Pennsylvania needs more jobs. It needs more business. It needs more industry. It needs more development.

But Gov. Tom Wolf’s push to take $4.5 billion in severance tax that could be generated from Marcellus shale drilling and invest it in projects, including community blight, sounds familiar because it’s nothing new. It reuses the severance tax idea Wolf has talked about for years and recycles something every city, borough and township in the state struggles with — the empty storefronts and abandoned properties left behind by earlier successes and departed affluence.

There is no community that doesn’t want to see blight battled. But is restoration what will make that happen? Does the governor’s plan suffer just from opposition to the severance tax in some quarters, or does it also deal with the limitations of its own language?

Restoring Pennsylvania isn’t enough. The Pennsylvania of years past, when the buildings Wolf toured in Greensburg last week were bustling parts of a county seat’s hub, won’t cut it in a 21st century economy.

“Restore Pennsylvania” seems to acknowledge that with other programs, like fixing things that are problems today. Flooding. Broadband access. Neither of those are looking to restore anything. They want to improve and expand.

So why the rear-view mirror in the program name? Why restore Pennsylvania when we could revise it, revisit it, renovate it or reinvent it from the ground up?

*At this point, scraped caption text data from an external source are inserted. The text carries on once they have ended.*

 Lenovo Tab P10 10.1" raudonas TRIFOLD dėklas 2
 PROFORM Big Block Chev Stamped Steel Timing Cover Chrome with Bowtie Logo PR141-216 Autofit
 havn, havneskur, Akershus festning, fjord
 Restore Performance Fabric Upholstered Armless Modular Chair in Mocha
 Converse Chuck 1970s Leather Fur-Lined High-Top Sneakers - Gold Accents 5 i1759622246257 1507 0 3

Maybe it’s because “Restore Pennsylvania” seems to echo President Trump’s highly resonant “Make America Great Again” slogan. The success of that message in the Keystone State in 2016 swung an election. It speaks to a former glory. It says there is a pedestal the state occupied before and we can sit there again.

But Pennsylvanians would be better served by a call to think bigger than bygone days.

Restoring Pennsylvania doesn’t help achieve the success we need to grow our economy and advance our communities.

To get the new business and increased development that will battle blight, the state’s sales pitch needs to be aspirational, not nostalgic.

And connecting those big ideas to Pennsylvania’s street corners could really resonate.